As a good leader, Moses methodically arranged the tribal camps in the wilderness. He set the tabernacle in the center and arranged the priests around its four sides (North, South, East and West of the country). Then he symmetrically distributed the Twelve Tribes (In our own case Ten Regions) around the priests and Levites, (Regional Chief Executives) with three tribes on each of the four sides.

We would do well to plan and organize as Moses did.

  1. Plan to plan. Give time for planning and organizing because we know as a student of management that Prior Proper Planning Prevents Poor Performance. Planning is winning.
  2. Determine your primary purpose. What’s the big picture? What are you trying to do?
  3. Assess the situation. Understand where you sit before trying to develop a strategy.
  4. Prioritize the needs. Make sure the team agrees on the most important goals.
  5. Ask the right questions. Ask about market, leadership, revenue, reporting, and evaluation.
  6. Set specific goals. Write goals that are realistic, measurable, and convincing.
  7. 7.   Clarify and communicate. Communication links planning and implementation.
  8. 8.  Identify possible obstacles.

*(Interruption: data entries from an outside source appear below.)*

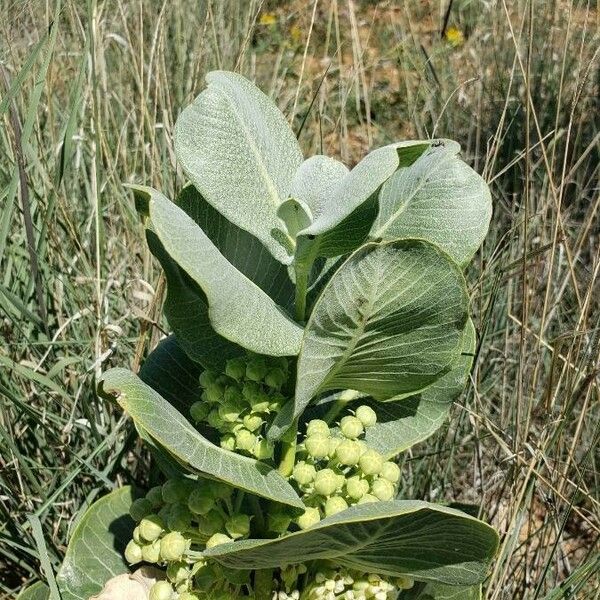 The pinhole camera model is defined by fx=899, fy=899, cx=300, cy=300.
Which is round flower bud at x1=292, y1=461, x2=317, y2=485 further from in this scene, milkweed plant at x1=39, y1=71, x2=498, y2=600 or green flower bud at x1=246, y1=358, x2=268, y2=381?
green flower bud at x1=246, y1=358, x2=268, y2=381

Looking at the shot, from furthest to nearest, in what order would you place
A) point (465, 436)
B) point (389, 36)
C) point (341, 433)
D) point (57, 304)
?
point (389, 36) → point (465, 436) → point (57, 304) → point (341, 433)

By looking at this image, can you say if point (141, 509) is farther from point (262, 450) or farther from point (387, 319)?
point (387, 319)

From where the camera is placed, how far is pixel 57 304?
Result: 1767 mm

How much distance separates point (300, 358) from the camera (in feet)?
2.82

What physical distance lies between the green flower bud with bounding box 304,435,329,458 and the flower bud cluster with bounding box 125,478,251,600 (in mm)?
126

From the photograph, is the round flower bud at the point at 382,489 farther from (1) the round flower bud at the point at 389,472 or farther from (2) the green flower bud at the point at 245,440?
(2) the green flower bud at the point at 245,440

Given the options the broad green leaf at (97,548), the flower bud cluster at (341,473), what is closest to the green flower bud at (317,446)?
the flower bud cluster at (341,473)

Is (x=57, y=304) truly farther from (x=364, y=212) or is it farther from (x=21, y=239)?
(x=364, y=212)

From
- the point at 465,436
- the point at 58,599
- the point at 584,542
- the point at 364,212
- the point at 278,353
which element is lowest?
the point at 584,542

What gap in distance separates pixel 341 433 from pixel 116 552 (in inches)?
16.0

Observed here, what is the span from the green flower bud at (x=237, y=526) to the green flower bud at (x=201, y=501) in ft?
0.09

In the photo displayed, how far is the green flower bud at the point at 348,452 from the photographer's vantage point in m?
0.92

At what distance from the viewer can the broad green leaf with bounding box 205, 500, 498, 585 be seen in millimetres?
841

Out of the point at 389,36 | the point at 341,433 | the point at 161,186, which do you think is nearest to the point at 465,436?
the point at 161,186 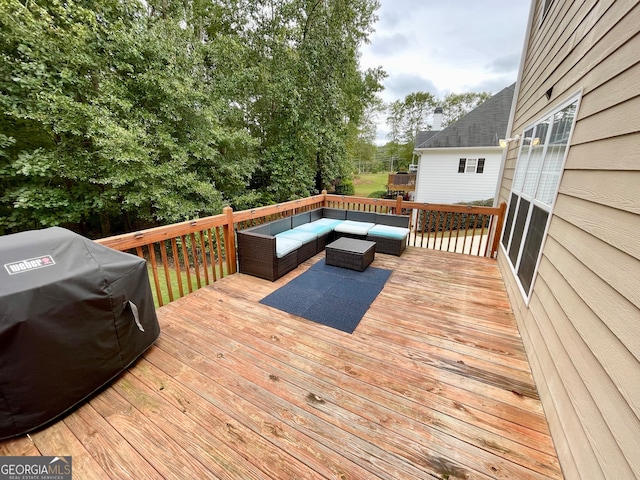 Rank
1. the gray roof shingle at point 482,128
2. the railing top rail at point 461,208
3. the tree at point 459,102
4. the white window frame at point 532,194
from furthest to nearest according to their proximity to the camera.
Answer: the tree at point 459,102 < the gray roof shingle at point 482,128 < the railing top rail at point 461,208 < the white window frame at point 532,194

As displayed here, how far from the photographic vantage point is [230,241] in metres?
3.63

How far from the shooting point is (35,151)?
14.6 ft

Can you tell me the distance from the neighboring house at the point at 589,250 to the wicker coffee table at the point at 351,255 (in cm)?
190

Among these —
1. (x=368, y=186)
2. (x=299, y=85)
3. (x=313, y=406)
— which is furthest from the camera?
(x=368, y=186)

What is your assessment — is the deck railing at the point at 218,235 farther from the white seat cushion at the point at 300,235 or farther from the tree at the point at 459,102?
the tree at the point at 459,102

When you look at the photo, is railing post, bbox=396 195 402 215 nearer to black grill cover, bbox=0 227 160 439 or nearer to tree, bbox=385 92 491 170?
black grill cover, bbox=0 227 160 439

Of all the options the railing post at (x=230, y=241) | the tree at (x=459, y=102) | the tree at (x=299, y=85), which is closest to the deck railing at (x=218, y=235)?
the railing post at (x=230, y=241)

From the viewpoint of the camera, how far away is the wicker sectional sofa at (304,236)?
11.5 feet

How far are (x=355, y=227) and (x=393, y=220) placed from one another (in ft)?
2.66

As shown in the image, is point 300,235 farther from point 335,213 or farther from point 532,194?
point 532,194

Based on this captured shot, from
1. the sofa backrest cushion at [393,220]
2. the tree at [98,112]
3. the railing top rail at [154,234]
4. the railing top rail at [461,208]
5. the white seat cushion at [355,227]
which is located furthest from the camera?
the sofa backrest cushion at [393,220]

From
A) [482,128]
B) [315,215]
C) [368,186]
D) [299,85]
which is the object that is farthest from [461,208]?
[368,186]

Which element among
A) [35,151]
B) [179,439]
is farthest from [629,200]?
[35,151]

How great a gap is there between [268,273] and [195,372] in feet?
5.49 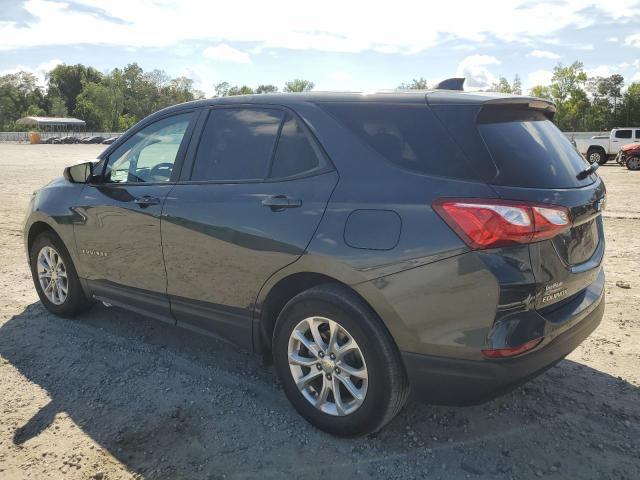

Mentally walk through all you are trying to pull off.
  9. 9.  Have an open-system approach to your planning. Be sympathetic to your environment.
  10. 10. Costs and due dates of projects.
  11. 11. Monitor and correct. Progress is like a canoe trip; constantly adjust your course
  12. 12. Study the results. Evaluation prevents stagnation and exaggeration.

Mr. President should remember that, anyone can steer the ship, but it takes a leader to chart the course. You are the leader no matter the hue and cry in the system, the buck stops at your desk.

Mr. President should, as a matter of urgency, address the nation by stating steps being taken to revive the ailing economy. This must be specific and actionable with a short time frame using SMART rule (Specific, Measurable, Actionable, Relevant and Realistic and Time Bound) as a performance measurement. Our people want to hear some message of hope like Moses did when he came down from Mount Sinai with two tablets of the testimony in his hand. Our own equivalent of tablets of testimony can be called “tablets of solution” for the ailing economy.

The Tablets of Solution

Some of the “tablets” to be administered now is how to work with the RCEs (Regional chief Executives) to create a minimum of 1,500 jobs per Region in the next two to three months through Agricultural Support Action Project (ASAP). Government can do this by earmarking Ghc300m from the expected Cocoa money and Euro Bond facility. This will be a practical demonstration to the people that government has genuine plans to reduce unemployment in the country.

Immediately, this will create about 15,000 jobs in the agricultural sector for teeming population of unemployed youth. With an initial grant of Ghc20,000 per youth farmer in their respective regions, this will open up so many regions in the country and encourage self-employment among our people. The money should not be seen as a national cake to be distributed along party lines; it must be made available to all interested people and repayable within the first three years. Consequently, you will expect to see each youth farmer employing additional 2 to 3 people to take the total number of employment opportunities generated to about 60,000 within the following 10 months.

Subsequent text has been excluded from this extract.